=== RECORDED INFORMATION ===
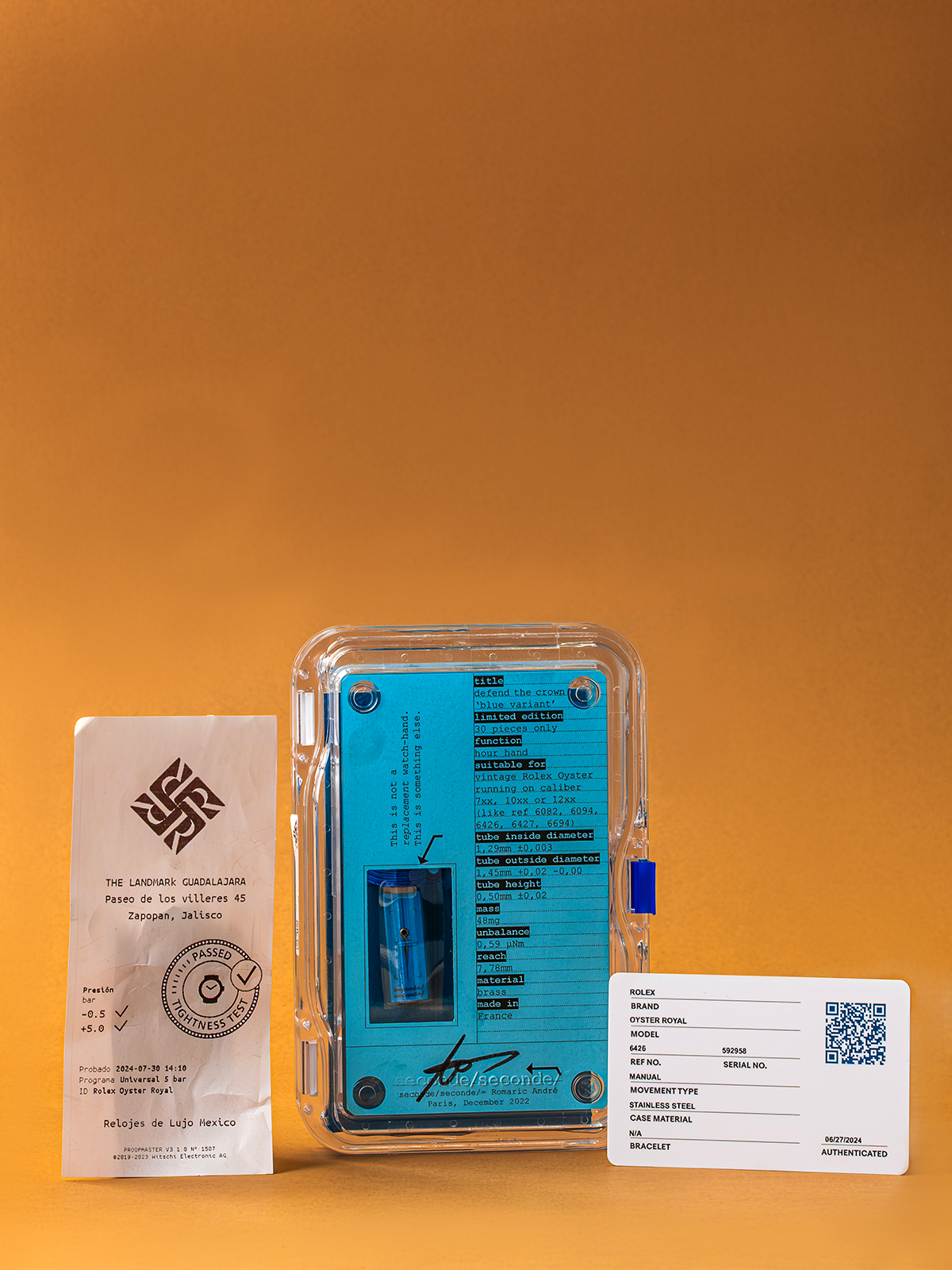 Clear plastic packaging with blue label and white card on orange background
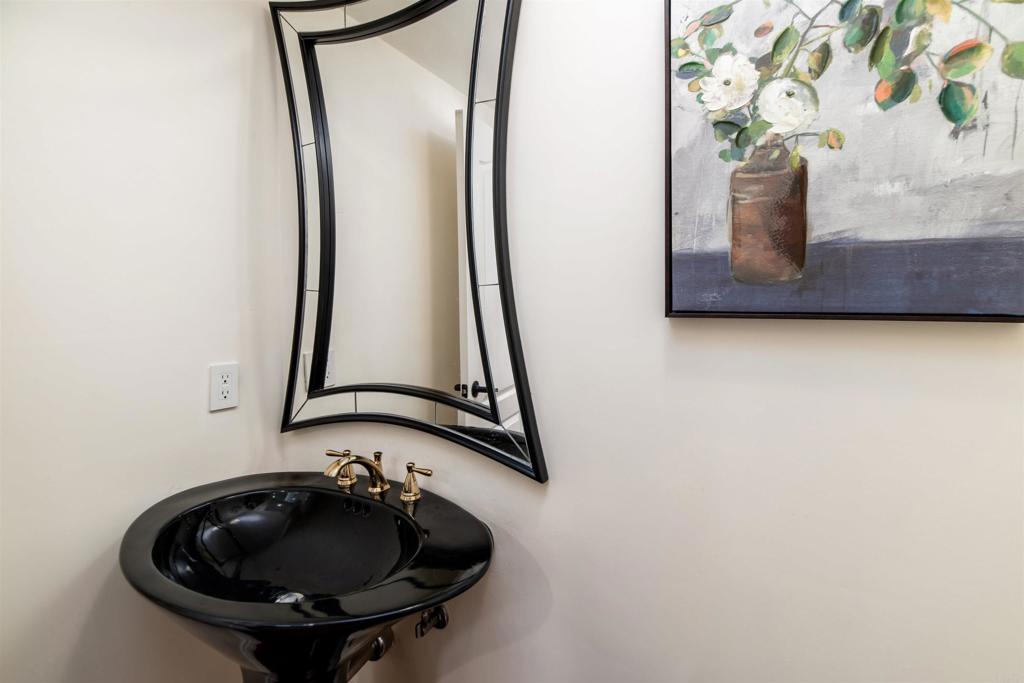 6541 Vispera Place Carlsbad, CA 92009 - Photo 19 of 54 a bathroom with a sink and mirror
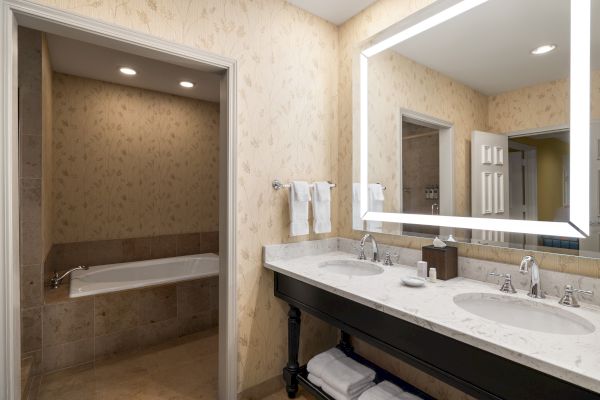 A bathroom with a double sink, illuminated mirror, towels, and a bathtub in an adjacent alcove, featuring floral wallpaper and tile accents.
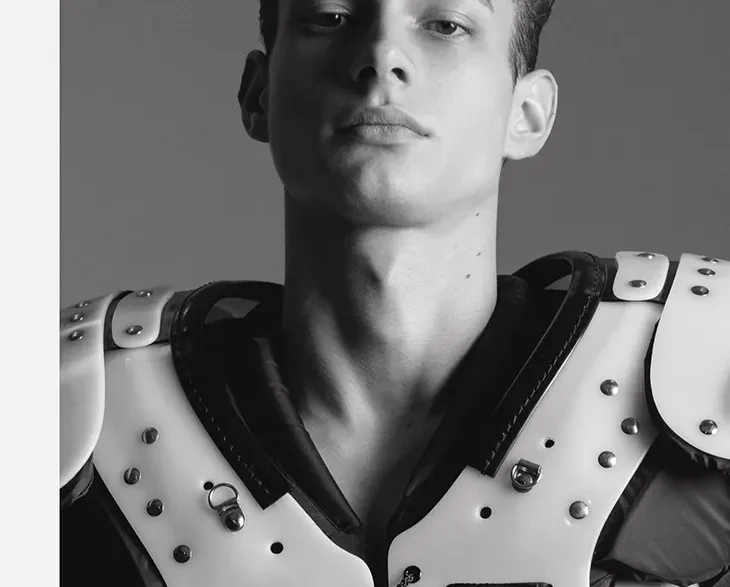 Model Juan Orghici posing in a sculptural studio editorial shot by Lucas Lei for MMSCENE Style Stories.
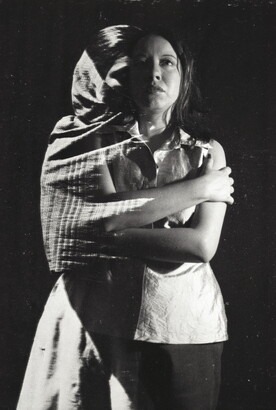 A black-and-white double-exposed photograph of a woman with her arms crossed across her torso; in one half she wears a dress and shawl and in the other a white shirt and pants.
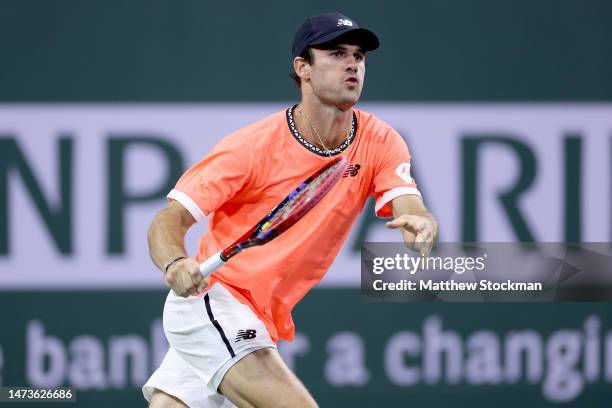 Tommy Paul plays Felix Auger-Aliassime of Canada during the BNP Paribas Open at the Indian Wells Tennis Garden on March 14, 2023 in Indian Wells,...
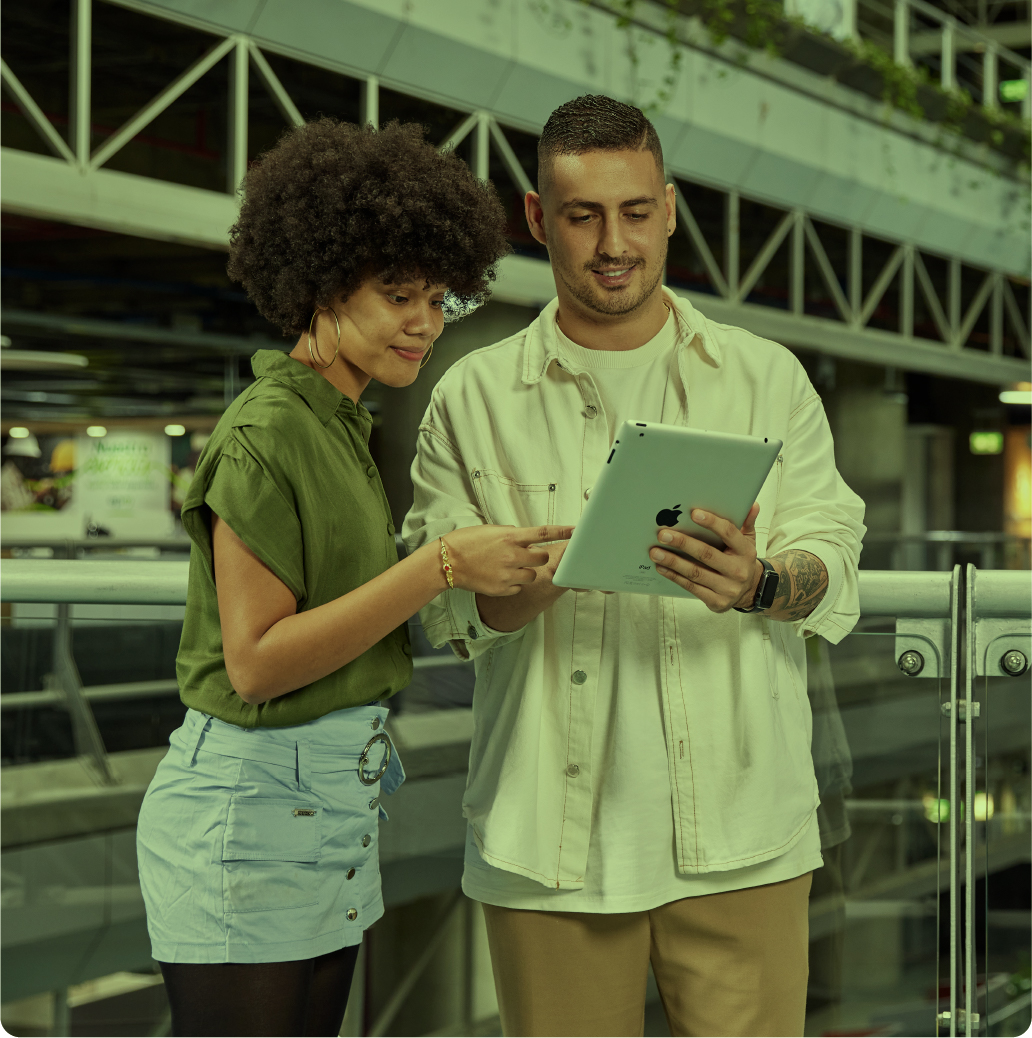 Hombre y mujer sonriendo, revisando pantalla de tablet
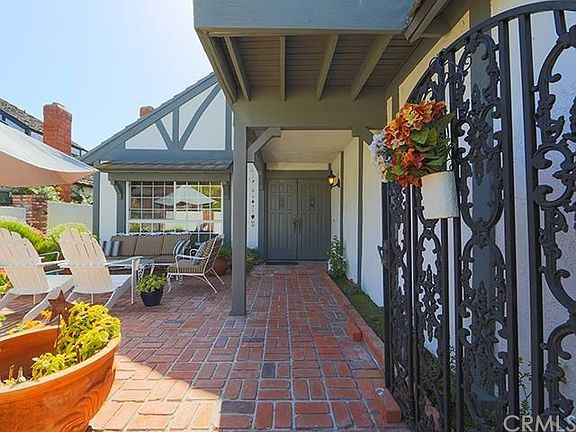 Charming and Sunny is this gated front entry courtyard. Perfect for morning or afternoon entertaining.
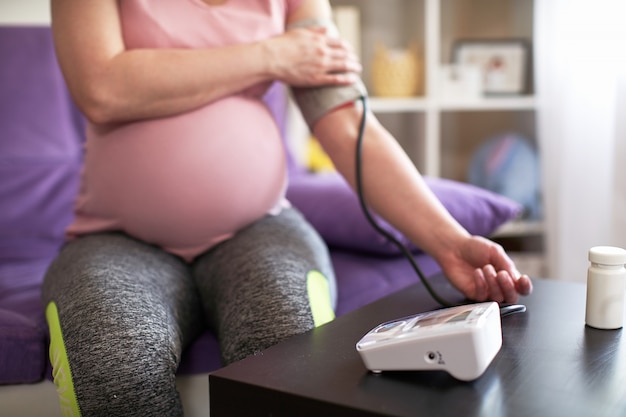 A woman measures blood pressure with an electronic pressure gauge, headache during pregnancy, poor health. selective focus on medical equipment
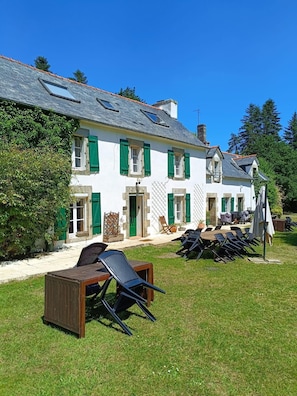 A white building with green shutters, a covered outdoor seating area, and a lawn. - Beautiful Secluded Converted Breton Farmhouse with Pool
Generous grounds/gardens (Leuhan)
===
WHAT THIS TASK INVOLVES> Going by the data above, give back only the lines from the one containing "A black-and-white double-exposed" through the one containing "Charming and Sunny", exactly as they stand, both ends included and no images.

TASK SOLUTION>
 A black-and-white double-exposed photograph of a woman with her arms crossed across her torso; in one half she wears a dress and shawl and in the other a white shirt and pants.
 Tommy Paul plays Felix Auger-Aliassime of Canada during the BNP Paribas Open at the Indian Wells Tennis Garden on March 14, 2023 in Indian Wells,...
 Hombre y mujer sonriendo, revisando pantalla de tablet
 Charming and Sunny is this gated front entry courtyard. Perfect for morning or afternoon entertaining.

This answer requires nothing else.